[[ The records, beginning ]]

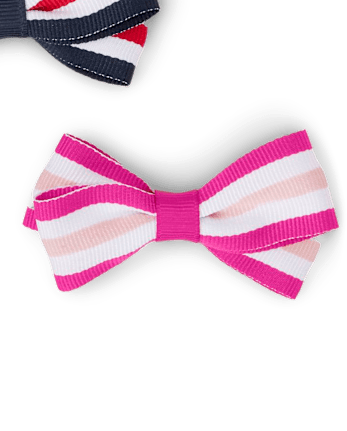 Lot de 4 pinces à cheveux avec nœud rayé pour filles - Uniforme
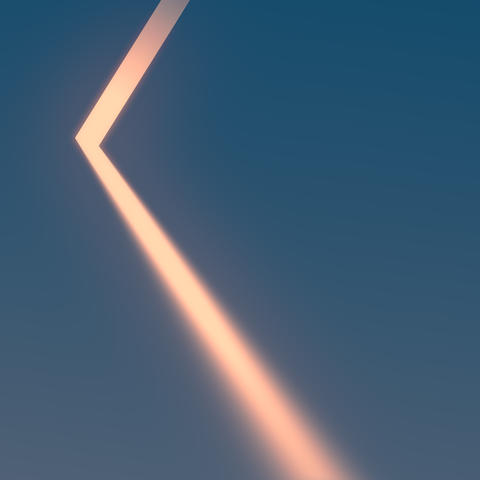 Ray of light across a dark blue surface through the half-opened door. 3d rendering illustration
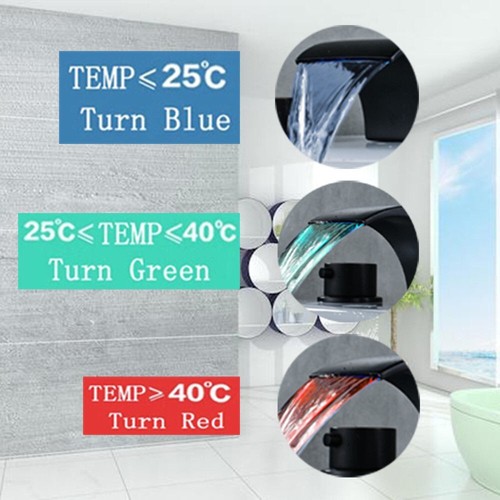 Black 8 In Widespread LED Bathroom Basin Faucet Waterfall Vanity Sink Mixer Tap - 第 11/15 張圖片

[[ The records, end ]]
[[ The records, beginning ]]

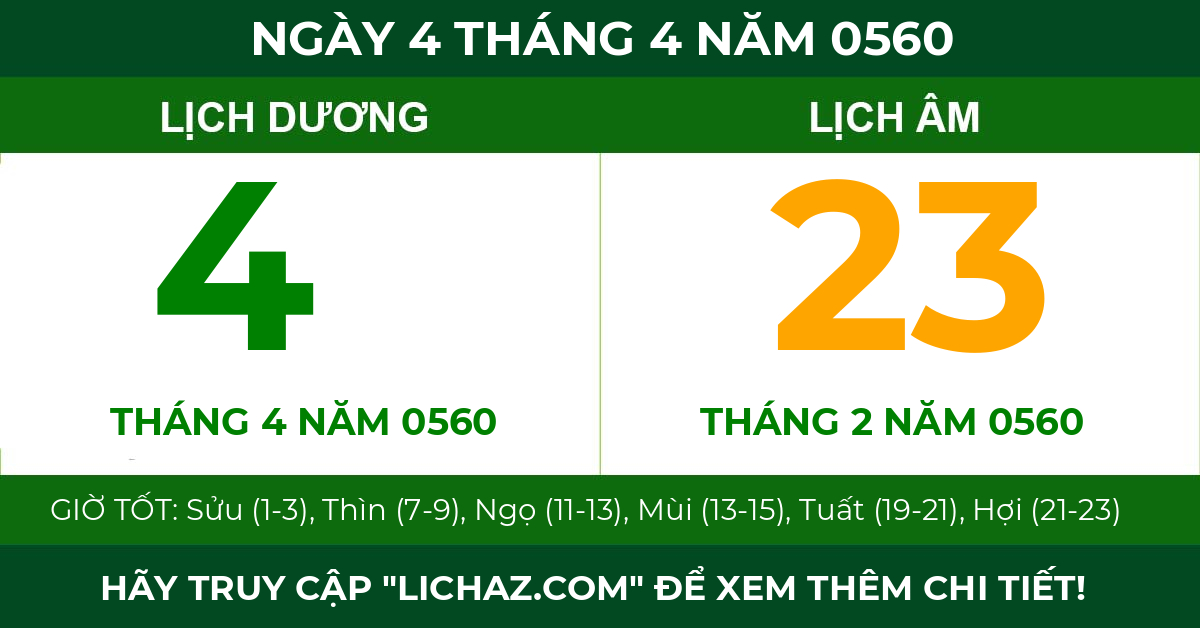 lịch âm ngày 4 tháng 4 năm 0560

[[ The records, end ]]

• How to complete this task: Nothing but the lines from the one with "Lot de 4 pinces" up to and including the one with "Black 8 In Widespread" should be printed, exactly as they read above. Please keep the pictures out.

• Answer to this exercise:
 Lot de 4 pinces à cheveux avec nœud rayé pour filles - Uniforme
 Ray of light across a dark blue surface through the half-opened door. 3d rendering illustration
 Black 8 In Widespread LED Bathroom Basin Faucet Waterfall Vanity Sink Mixer Tap - 第 11/15 張圖片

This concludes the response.